The purpose of this write-up is to aid polymer and rubber compounders who are seeking basic information on the flammability and burning behaviors of polymers. Below you will find general highlights on the burning processes of polymers as well as a basic overview of some of the flame testing procedures that can be performed.

The Fire Triangle

Three main components must be present for any combustion to take place — these three components will form the fire triangle that is shown below. A fire can be prevented or extinguished by removing any one of the components:

fire triangle

Oxygen — Is the most basic component of any combustion and must be present for an ignition to take place and a flame to burn

Fuel — For any fire to take place there must be a source of fuel. In many cases, the fuel itself will not burn (exception — the fuel is a gas), but instead it will break down to produce combustible volatiles that are then burnt under the pressure of the heat that initially caused the fuel breakdown.
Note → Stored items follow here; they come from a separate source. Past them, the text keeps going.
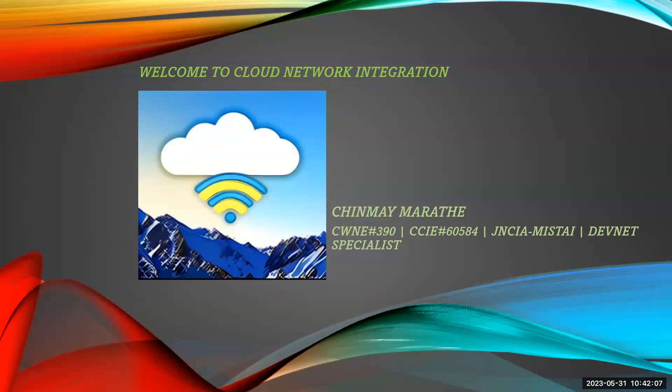Hi folks, welcome to my channel. Myself, Chinmay Marathi. I work in Juniper Networks. In today's video, we are going to talk about MIST Access Assurance, which is the latest offering from Juniper Networks.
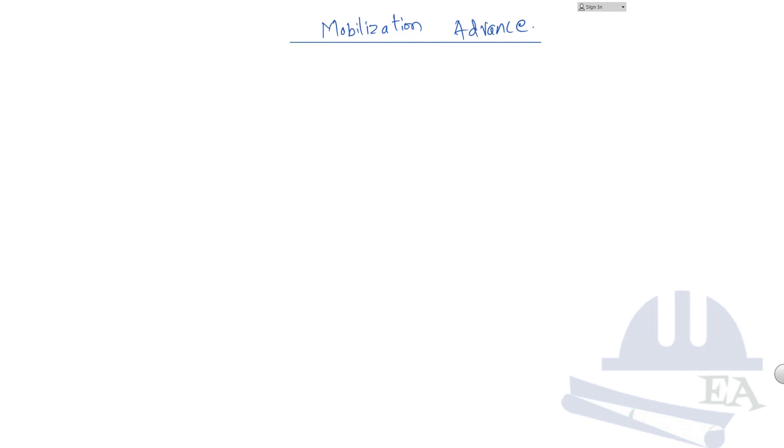Hey guys, now in this video we will talk about the mobilization advance, what it is and why we require it.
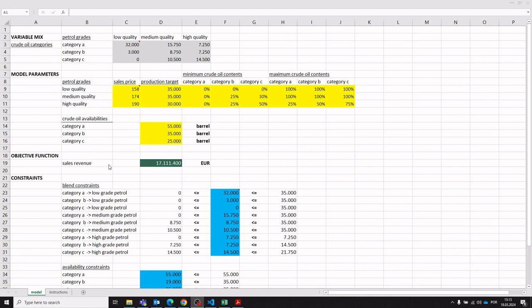Here's an example of a crude oil blending problem for petrol grade production. I developed an Excel solver template for this — an Excel sheet template including the mathematical model implementation and Excel solver for mathematically solving this optimization problem, which basically consists of blending available quantities of various crude oil categories into defined petrol grades.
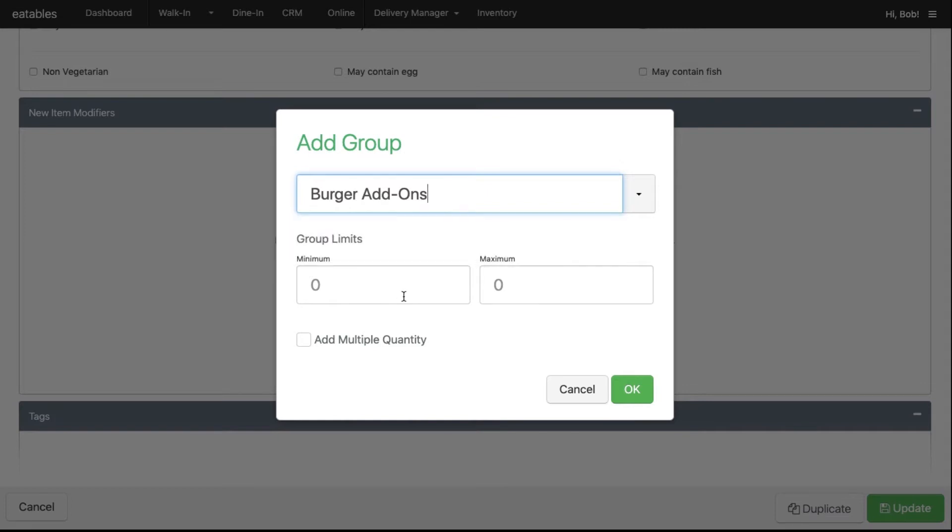For mandatory modifiers, set the minimum to 1. For optional modifiers, set the minimum to 0.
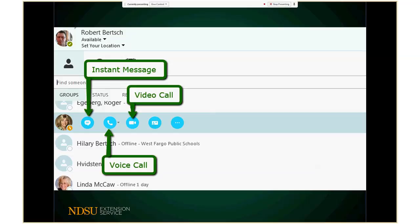If someone is available and I wanted to contact them, there are different ways to do that. The main ways are instant messaging — typing them a message, similar to texting. Instant messaging is something you might be familiar with from the early days of the Internet. You can also start a voice call, which can save on long-distance charges within the NDSU family. Rather than picking up the phone and entering your long-distance code, if you can see they're on, you can just hit voice call and have a voice conversation over the Internet with no long-distance charge. And then video calls, which we can't do on a regular phone.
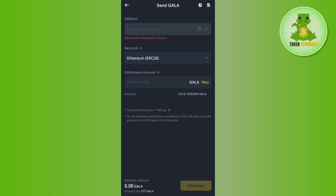On the next page you just have to confirm your withdrawal, and this way you will be able to easily transfer your USDC to MetaMask. If the video was helpful, don't forget to like the video and subscribe to the channel. Thank you so much for watching.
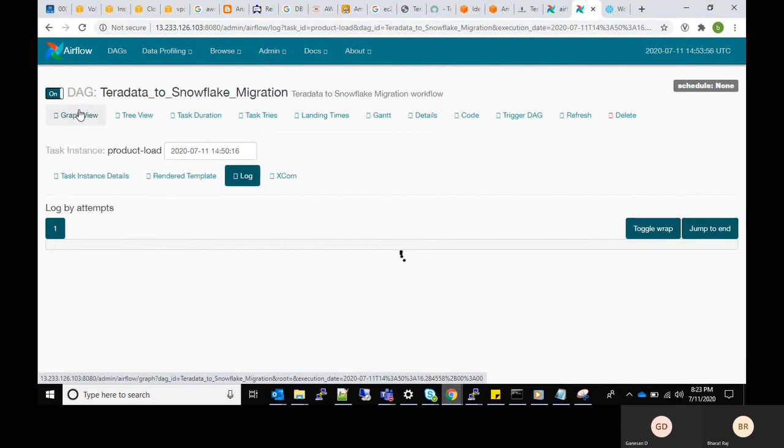We can see the log details and the status for each task in Airflow page.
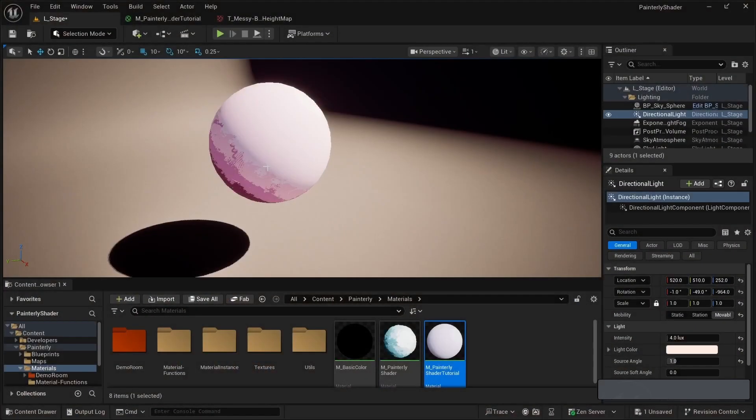Welcome to the second part of this tutorial series on developing a painterly chair in Unreal Engine. In the first part, we took care of the diffuse of our painterly material. And in this second part, we're going to add a specular, and shadow. So let's get right into it.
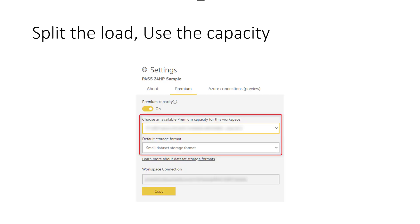One reason for having separate workspaces is having different audiences. Another good reason is to split the load. Let's say you have a report with a really high consumption rate — 20,000 users — and you need it to respond fast. On the other hand, you have other reports with only 10 or 15 users. One way to split the load, and this only applies when you have dedicated capacity such as Power BI Embedded or Power BI Premium, is to have each workspace on a specific capacity node to do some load-splitting configuration.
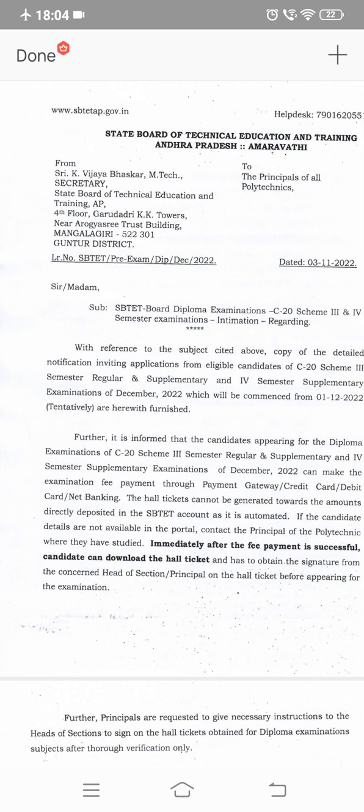Let me begin this video. I am going to show you C20 and C16 students the exam notification at the initial point.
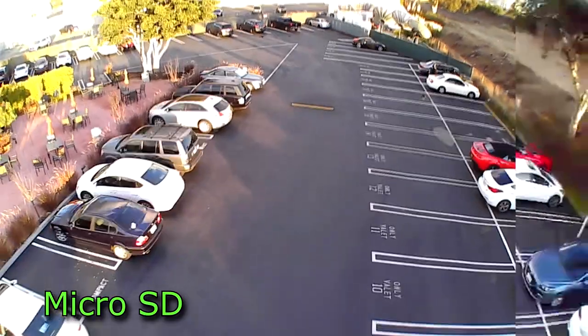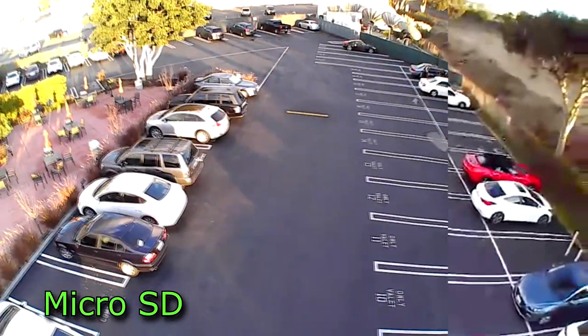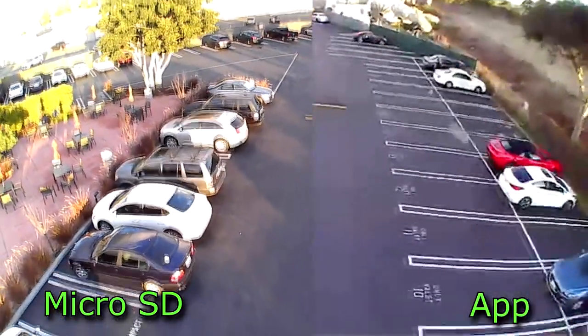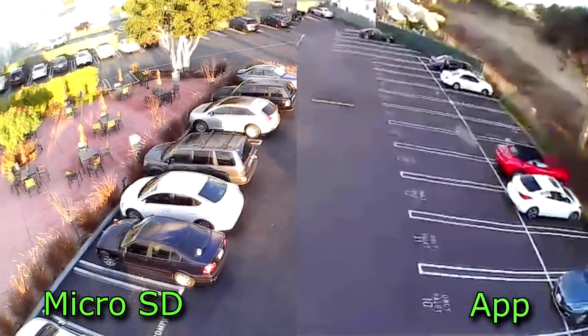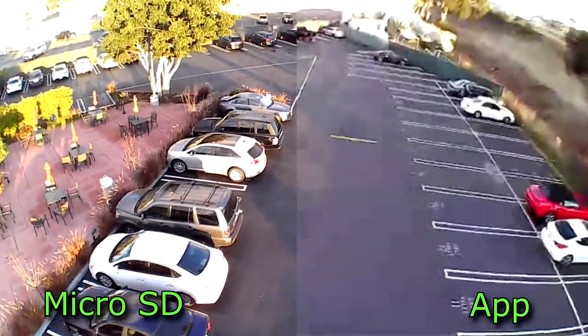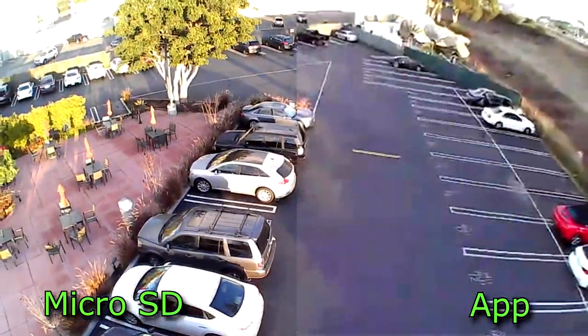Here's an example of what you can expect to see. On the left is video captured directly to the SD card, and on the right is video captured to the app.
This is important to note because some materials may initially ignite but then form a "char layer" which acts to prevent the formation of further gases and subsequent combustion. Fuel sources can be:

  • Plasticizers
  • Polymers
  • Hydrocarbon Resins
  • Process Oils

Ignition Source — the ignition source is needed to sufficiently heat up the fuel in order to generate the volatiles that are released when the fuel breaks down and then ignite those volatiles. If gas is present, the ignition source will act directly upon it, causing an ignition.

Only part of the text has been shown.